Matrix metalloproteinase-responsive collagen-oxidized hyaluronic acid injectable hydrogels for osteoarthritic therapy.

Abstract

Drug delivery system and intra-articular injection have been clinically applied to prolong drug residence time and reduce side effects in the treatment of osteoarthrosis. Herein, injectable hydrogels with sustained-dexamethasone sodium phosphate (DSP) release behavior in response to matrix metalloproteinase (MMP) were developed for osteoarthritic therapy. Hyaluronic acid undergoes specific oxidation in the present of sodium periodate to prepare oxidized hyaluronic acid (OHA). Then the DSP-loaded collagen-based hydrogels (Col-OHA) were developed by the Schiff's base crosslinking between OHA and Type I collagen besides the self-assembly of collagen induced by OHA. The results indicate that the collagen self-assembly into collagen fibrils makes great contribution for shortening gelation time of Col-OHA hydrogels.
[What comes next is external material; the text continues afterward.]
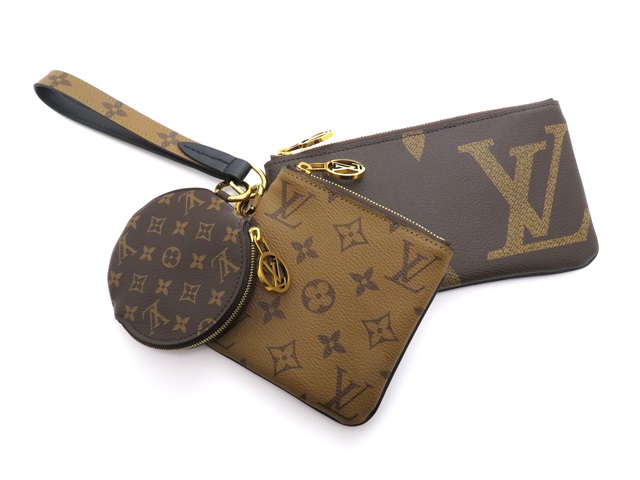 LOUIS VUITTON ルイヴィトン ポシェット・トリオ モノグラム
Col-OHA hydrogels possess interconnected porous microstructure, good injectability, excellent self-healing performance, strong mechanical property, low swelling ability, good blood compatibility and no cytotoxicity. Significantly, Col-OHA hydrogels show highly sensitive and significantly substantially sustained release of DSP in response to MMP. DSP-loaded Col-OHA hydrogel possesses significant inhibition for the production of inflammatory cytokines in the joint synovium, which can effectively relieve the symptoms of osteoarthritis continuously. Col-OHA hydrogel has no obvious effect on liver and kidney functions. Overall, the Col-OHA hydrogels with excellent biocompatibility are the promising drug-loading system for the intra-articular injection therapy of osteoarthrosis.